Przed komisariatem zebrał się tłum powstrzymywany przez taśmę policyjną. Dzięki wysokiemu wzrostowi udało mi się zobaczyć coś. Z drzwi zostało wyniesione ciało w czarnym worku. Poczułem, że nogi się pode mną ugięły. Przez tłum przeszedł szept: " kto to, czyje to ciało?".
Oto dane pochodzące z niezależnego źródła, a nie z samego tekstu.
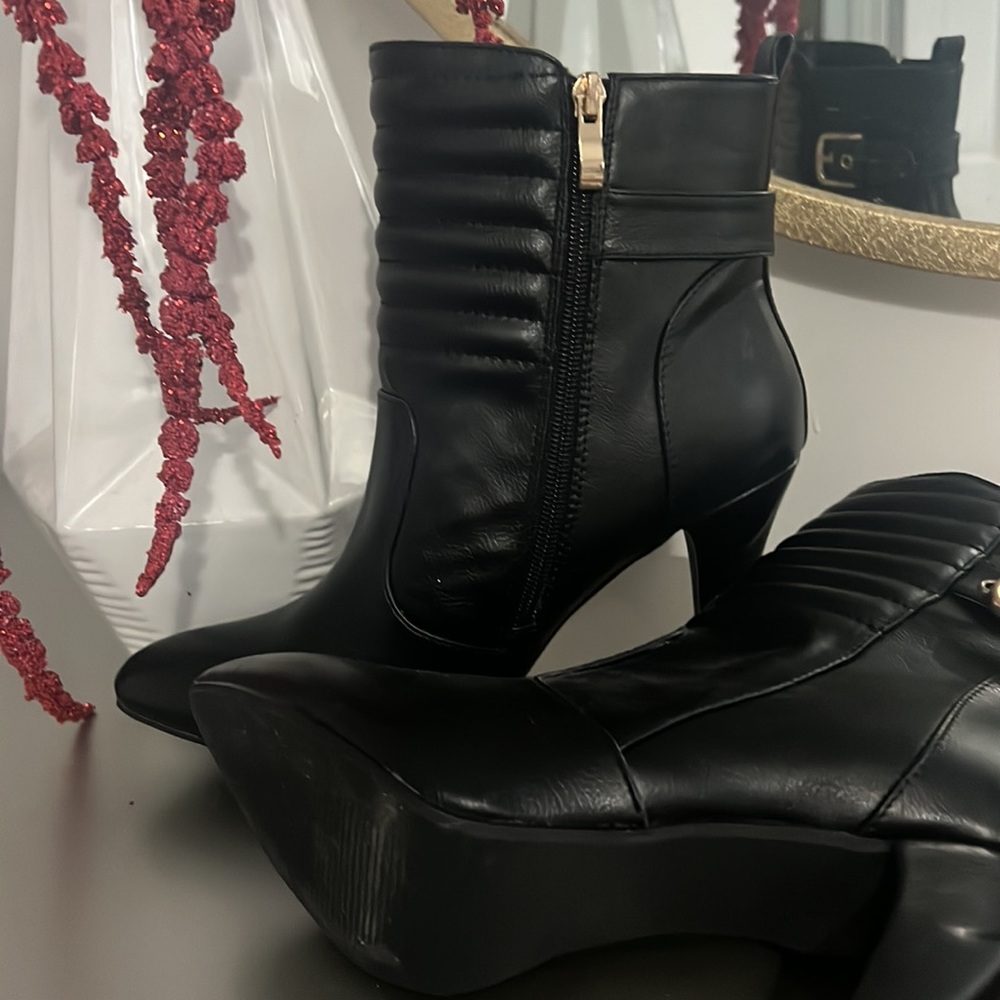 Boots - Picture 3 of 4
- Kto tam jest? - spytała Rose spanikowanym głosem.

- Spokojnie, zaraz się dowiem - sam ledwo zachowywałem spokój.

Znalazłem wzrokiem burmistrza, a zarazem brata mojej mamy, Sama Perrona. Rozmawiał z człowiekiem ubranym w garnitur. Podszedłem bliżej, żeby usłyszeć ich rozmowę. Nie kryli się za bardzo, bo i tak każdy z gapiów był pochłonięty oglądaniem wynoszonego ciała.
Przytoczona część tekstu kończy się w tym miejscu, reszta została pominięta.